While I was exploring this further I noticed something interesting about calling the way I've been callingrel.manual
locally.
This line seems to cause the rendering error on my machine.
python -m prodigy rel.manual sm-ref-rel blank:it their-example.jsonl --label PARENT,SIBLING,SAME_AS --span-label J-REF,L-REF
But this one does not.
python -m prodigy rel.manual sm-ref-rel blank:it their-example.jsonl --label FOO --span-label BAR
The difference is in the label names. This led me to dive a bit deeper into your json file.
Before, my assumption was that this issue was related to the tokenizer, but now I see that you have some spans corresponding with the large token in your GIF. Note that these spans carry the J-REF
or the L-REF
label.
Here are the spans that I found:
"spans": [
{
"start": 1718,
"end": 1764,
"text": "Sez. U n. 12 del 31/5/2000, Jakani, Rv. 216260",
"source": "./models/les_model_ref_tmp_3/model-best",
"input_hash": 1945267493,
"token_start": 275,
"token_end": 287,
"label": "J-REF"
},
{
"start": 1766,
"end": 1819,
"token_start": 289,
"token_end": 301,
"label": "J-REF"
},
{
"start": 1906,
"end": 1914,
"text": "art. 616",
"source": "./models/les_model_ref_tmp_3/model-best",
"input_hash": 1945267493,
"token_start": 319,
"token_end": 320,
"label": "L-REF"
},
{
"start": 1915,
"end": 1921,
"text": "c.p.p.",
"source": "./models/les_model_ref_tmp_3/model-best",
"input_hash": 1945267493,
"token_start": 321,
"token_end": 322,
"label": "L-REF"
}
],
This would explain why you see some of the tokens "clump" together. It does not explain why you see a difference between macOS and Ubuntu. So that's certainly still worth investigating further.
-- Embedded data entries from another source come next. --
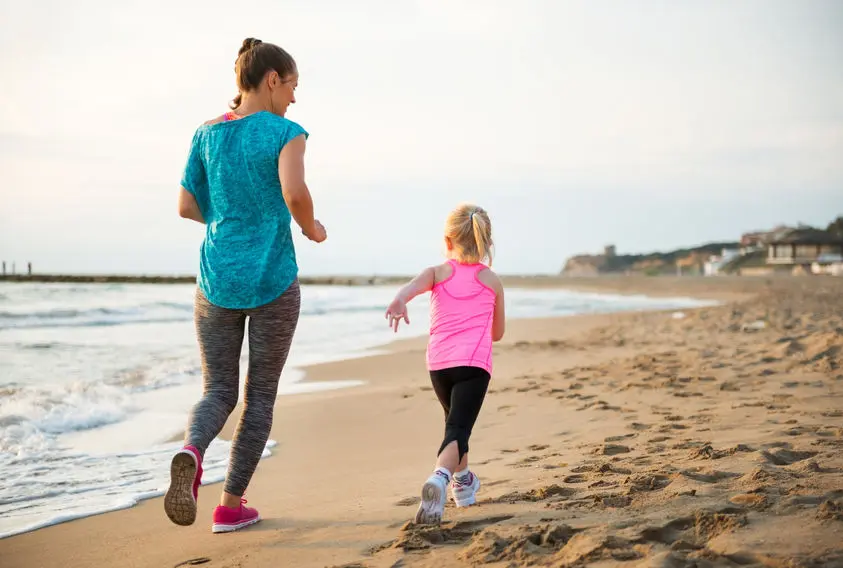 Running para niños: Todo lo que debes saber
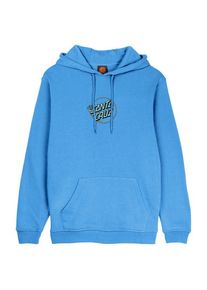 Santa Cruz Winkowski Dope Planet 2 Centre Hoodie Herren (Gr M |blau)
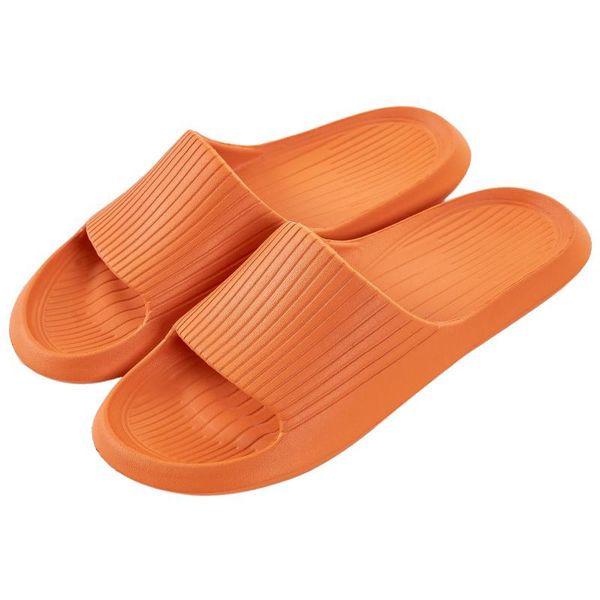 women summer slippers soft simple bedroom indoor outdoor beach shoes non-slip eva solid lightweight quiet for lovers., Black
women summer slippers soft simple bedroom indoor outdoor beach shoes non-slip eva solid lightweight quiet for lovers., Black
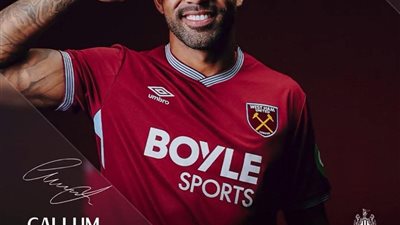 كالوم ويلسون ينضم إلى ويست هام يونايتد في صفقة انتقال حر 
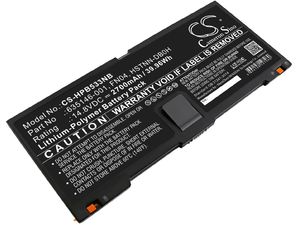 Batéria pre HP ProBook 5330M a ďalšie, 2700 mAh, Li-Pol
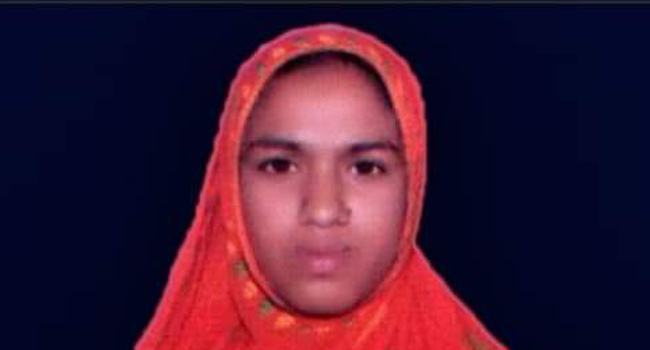 নান্দাইলে পুকুর থেকে বুদ্ধিপ্রতিবন্ধী কিশোরীর লাশ উদ্ধার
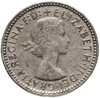 Австралия 6 пенсов (pence) 1959, Аукцион: Monetnik за 413 RUB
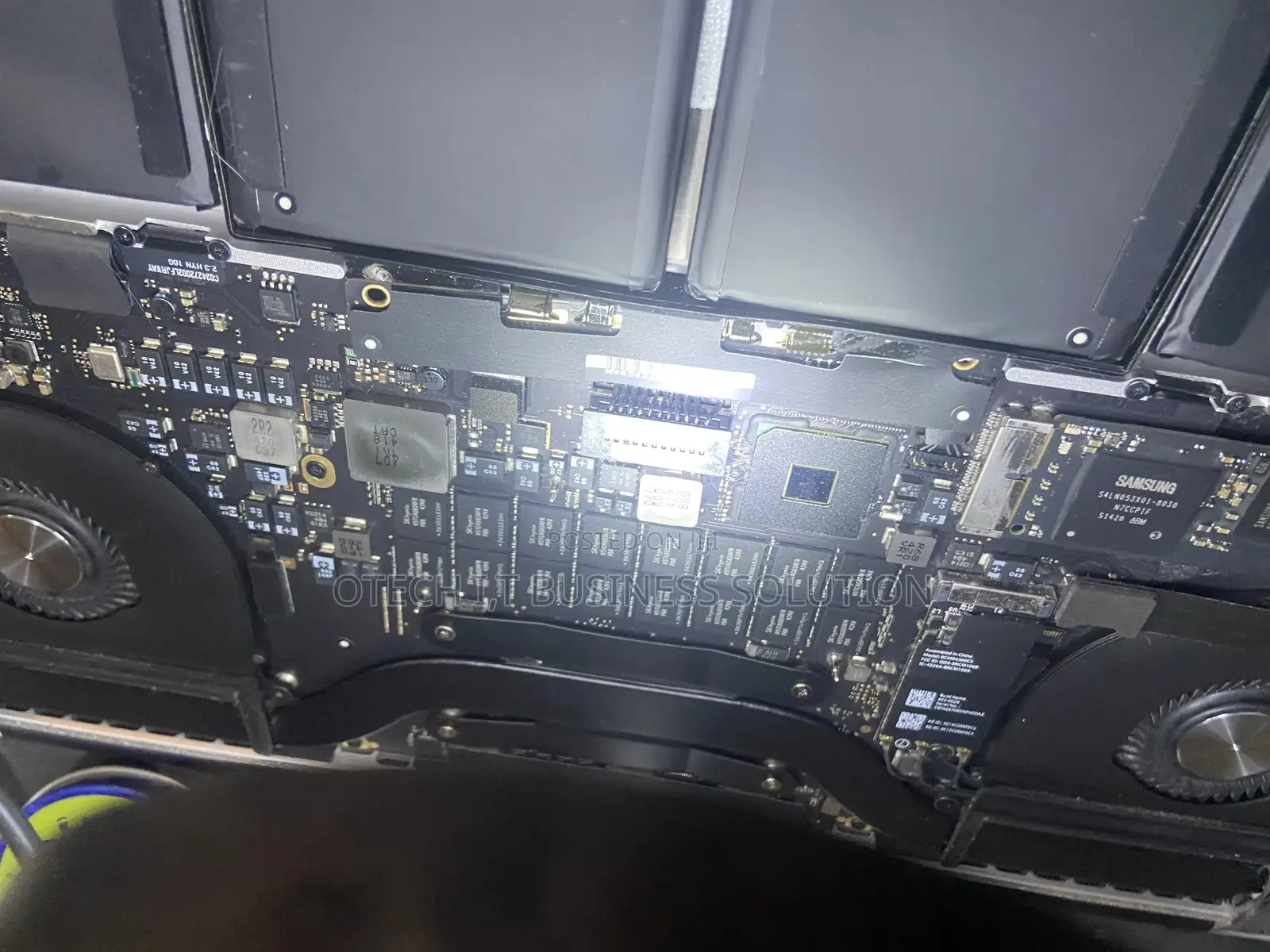 Macbook Spares Parts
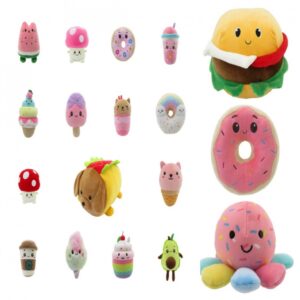 6-ALIMENTOS 15CMS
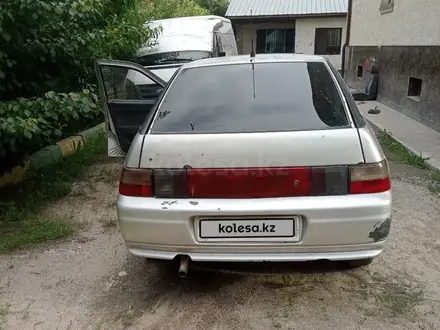 ВАЗ (Lada) 2112 2001 года за 250 000 тг. в Алматы – фото 2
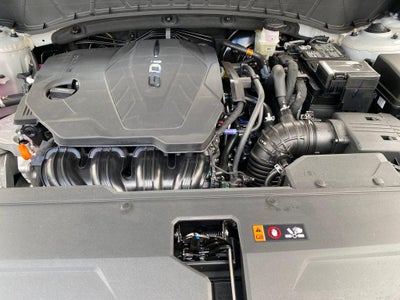 2026 Hyundai Tucson SEL Premium FWD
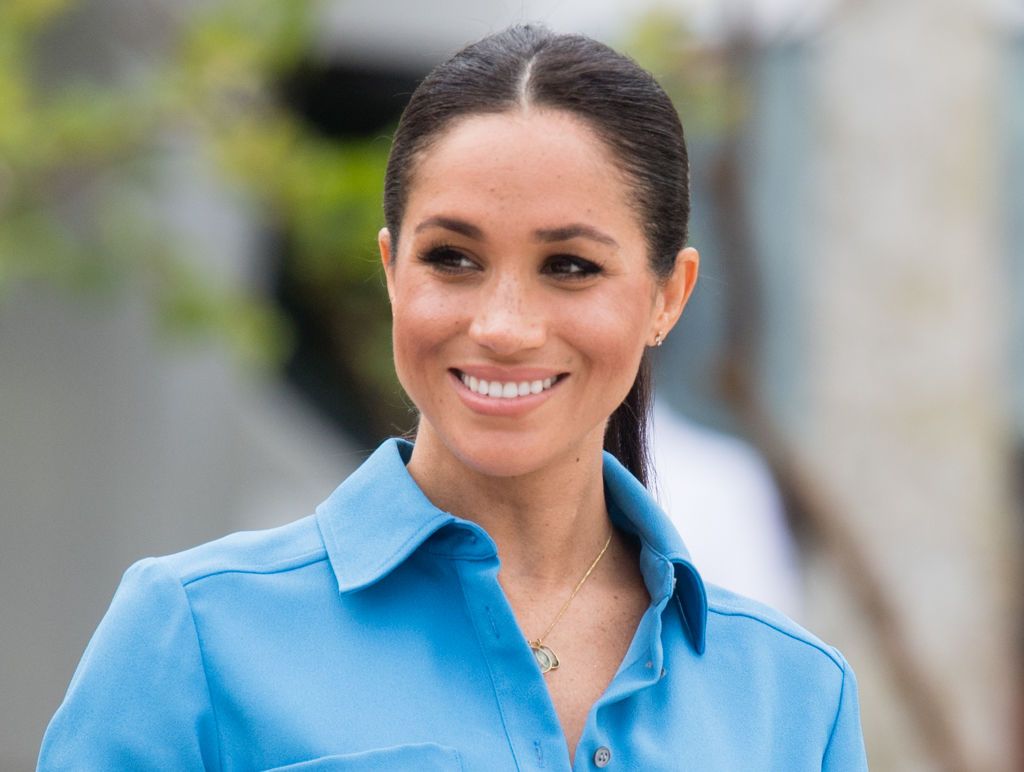 Meghan Markle is emotional as she admits she's "not okay"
A temporary solution for you might be to run the command without referring to the spans
currently in your json
file. Via something like;
python -m prodigy rel.manual sm-ref-rel blank:it their-example.jsonl --label PARENT,SIBLING,SAME_AS --span-label FOOBAR
I want to admit that this feels a bit like a "hack". Effectively, we'd be pretending like there's a span with the label FOOBAR
such that Prodigy ignores all the other spans in the dictionary.
A better solution for the long term, possibly, would be to filter out the spans beforehand for this labelling task. This would, however, require some manual work via the db-out
command. This feels like a better solution in the long term, but I may be missing some context on the bigger picture to know for sure.
Could you confirm if the issue persists when you run the command with the --span-label FOOBAR
setting? I'd love to confirm if the spans in the json
file are the culprit of the behavior.